◆ **Data excerpts**
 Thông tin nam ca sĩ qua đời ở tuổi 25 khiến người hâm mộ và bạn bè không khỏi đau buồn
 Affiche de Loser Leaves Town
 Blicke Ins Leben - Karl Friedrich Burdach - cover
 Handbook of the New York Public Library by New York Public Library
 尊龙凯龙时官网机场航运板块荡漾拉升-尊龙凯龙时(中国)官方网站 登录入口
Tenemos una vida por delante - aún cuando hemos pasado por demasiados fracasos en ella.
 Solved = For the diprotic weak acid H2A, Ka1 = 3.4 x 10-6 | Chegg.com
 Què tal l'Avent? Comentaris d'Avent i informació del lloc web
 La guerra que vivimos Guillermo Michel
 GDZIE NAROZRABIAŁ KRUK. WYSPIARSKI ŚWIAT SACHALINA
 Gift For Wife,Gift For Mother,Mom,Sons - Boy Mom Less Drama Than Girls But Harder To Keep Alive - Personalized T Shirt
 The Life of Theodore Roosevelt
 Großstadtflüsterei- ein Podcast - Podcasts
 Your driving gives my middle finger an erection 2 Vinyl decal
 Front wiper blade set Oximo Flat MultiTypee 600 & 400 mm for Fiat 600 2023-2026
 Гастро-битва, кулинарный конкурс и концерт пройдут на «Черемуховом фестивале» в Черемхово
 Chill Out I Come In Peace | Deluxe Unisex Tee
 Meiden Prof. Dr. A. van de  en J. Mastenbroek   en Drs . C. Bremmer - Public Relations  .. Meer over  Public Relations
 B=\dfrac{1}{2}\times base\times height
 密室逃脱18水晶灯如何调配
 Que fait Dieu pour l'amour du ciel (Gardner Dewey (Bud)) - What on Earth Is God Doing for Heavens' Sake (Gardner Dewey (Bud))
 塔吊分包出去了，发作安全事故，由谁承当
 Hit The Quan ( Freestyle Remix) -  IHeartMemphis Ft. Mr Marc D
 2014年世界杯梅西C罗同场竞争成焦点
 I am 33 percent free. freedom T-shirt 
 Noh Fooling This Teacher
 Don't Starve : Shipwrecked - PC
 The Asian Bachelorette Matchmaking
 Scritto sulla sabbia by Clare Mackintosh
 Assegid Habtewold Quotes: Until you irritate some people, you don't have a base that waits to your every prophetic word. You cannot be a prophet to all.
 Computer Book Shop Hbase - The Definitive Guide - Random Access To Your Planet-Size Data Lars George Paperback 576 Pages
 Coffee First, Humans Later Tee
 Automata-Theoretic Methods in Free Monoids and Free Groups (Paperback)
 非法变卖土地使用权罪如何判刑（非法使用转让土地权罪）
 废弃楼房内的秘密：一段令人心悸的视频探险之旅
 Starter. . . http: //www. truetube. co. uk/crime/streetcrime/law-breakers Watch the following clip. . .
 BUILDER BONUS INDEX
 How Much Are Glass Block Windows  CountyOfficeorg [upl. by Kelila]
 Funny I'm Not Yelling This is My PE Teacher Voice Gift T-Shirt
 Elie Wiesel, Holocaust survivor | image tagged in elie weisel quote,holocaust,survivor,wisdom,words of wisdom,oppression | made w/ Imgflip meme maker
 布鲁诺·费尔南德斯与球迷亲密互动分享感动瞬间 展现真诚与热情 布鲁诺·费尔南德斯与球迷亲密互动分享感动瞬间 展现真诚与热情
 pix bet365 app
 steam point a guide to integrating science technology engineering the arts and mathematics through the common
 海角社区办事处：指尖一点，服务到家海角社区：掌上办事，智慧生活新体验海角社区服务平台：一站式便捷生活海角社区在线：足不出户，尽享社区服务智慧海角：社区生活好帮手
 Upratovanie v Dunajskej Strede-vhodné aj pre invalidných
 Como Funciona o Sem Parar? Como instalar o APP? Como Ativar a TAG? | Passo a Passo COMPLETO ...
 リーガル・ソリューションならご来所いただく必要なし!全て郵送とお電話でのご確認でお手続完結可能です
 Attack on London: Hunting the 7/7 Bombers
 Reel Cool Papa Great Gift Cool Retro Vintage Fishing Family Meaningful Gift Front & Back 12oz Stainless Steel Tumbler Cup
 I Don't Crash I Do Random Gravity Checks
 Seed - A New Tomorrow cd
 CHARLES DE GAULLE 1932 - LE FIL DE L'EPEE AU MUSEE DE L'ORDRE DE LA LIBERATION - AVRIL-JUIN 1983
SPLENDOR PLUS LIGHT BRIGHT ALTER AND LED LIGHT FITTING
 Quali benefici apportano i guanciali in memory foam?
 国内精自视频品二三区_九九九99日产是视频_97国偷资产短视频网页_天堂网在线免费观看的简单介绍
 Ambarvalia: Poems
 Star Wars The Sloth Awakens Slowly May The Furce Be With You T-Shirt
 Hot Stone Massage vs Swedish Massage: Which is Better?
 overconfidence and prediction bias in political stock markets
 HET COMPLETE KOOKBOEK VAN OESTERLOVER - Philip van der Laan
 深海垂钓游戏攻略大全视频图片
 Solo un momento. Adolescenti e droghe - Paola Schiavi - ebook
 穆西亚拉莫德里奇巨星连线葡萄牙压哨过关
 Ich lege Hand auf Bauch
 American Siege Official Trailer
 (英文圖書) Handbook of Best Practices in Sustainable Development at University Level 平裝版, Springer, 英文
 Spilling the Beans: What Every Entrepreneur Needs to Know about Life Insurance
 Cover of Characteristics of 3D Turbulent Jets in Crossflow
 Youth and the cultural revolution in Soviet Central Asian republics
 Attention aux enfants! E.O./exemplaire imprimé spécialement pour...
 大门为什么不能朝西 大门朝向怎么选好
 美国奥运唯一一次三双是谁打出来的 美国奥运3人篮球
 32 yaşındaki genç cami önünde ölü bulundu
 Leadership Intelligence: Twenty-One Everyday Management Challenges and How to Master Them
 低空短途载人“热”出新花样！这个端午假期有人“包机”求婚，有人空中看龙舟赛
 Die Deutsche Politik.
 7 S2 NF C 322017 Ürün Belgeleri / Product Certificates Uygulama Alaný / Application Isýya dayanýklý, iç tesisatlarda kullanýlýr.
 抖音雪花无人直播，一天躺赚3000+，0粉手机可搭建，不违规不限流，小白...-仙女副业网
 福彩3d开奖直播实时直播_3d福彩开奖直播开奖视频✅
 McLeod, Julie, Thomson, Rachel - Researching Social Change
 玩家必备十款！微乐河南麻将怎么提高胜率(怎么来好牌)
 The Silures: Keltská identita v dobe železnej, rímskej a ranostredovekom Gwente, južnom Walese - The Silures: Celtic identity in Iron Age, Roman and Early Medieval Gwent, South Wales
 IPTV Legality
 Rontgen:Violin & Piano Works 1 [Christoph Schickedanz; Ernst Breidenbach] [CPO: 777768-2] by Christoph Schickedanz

◆ **Exercise instructions**
Give back, unchanged, the run of lines in the listing above that begins at the line containing "Quali benefici apportano" and ends at the line containing "美国奥运唯一一次三双是谁打出来的 美国奥运3人篮球", both included.

◆ **Task result**
 Quali benefici apportano i guanciali in memory foam?
 国内精自视频品二三区_九九九99日产是视频_97国偷资产短视频网页_天堂网在线免费观看的简单介绍
 Ambarvalia: Poems
 Star Wars The Sloth Awakens Slowly May The Furce Be With You T-Shirt
 Hot Stone Massage vs Swedish Massage: Which is Better?
 overconfidence and prediction bias in political stock markets
 HET COMPLETE KOOKBOEK VAN OESTERLOVER - Philip van der Laan
 深海垂钓游戏攻略大全视频图片
 Solo un momento. Adolescenti e droghe - Paola Schiavi - ebook
 穆西亚拉莫德里奇巨星连线葡萄牙压哨过关
 Ich lege Hand auf Bauch
 American Siege Official Trailer
 (英文圖書) Handbook of Best Practices in Sustainable Development at University Level 平裝版, Springer, 英文
 Spilling the Beans: What Every Entrepreneur Needs to Know about Life Insurance
 Cover of Characteristics of 3D Turbulent Jets in Crossflow
 Youth and the cultural revolution in Soviet Central Asian republics
 Attention aux enfants! E.O./exemplaire imprimé spécialement pour...
 大门为什么不能朝西 大门朝向怎么选好
 美国奥运唯一一次三双是谁打出来的 美国奥运3人篮球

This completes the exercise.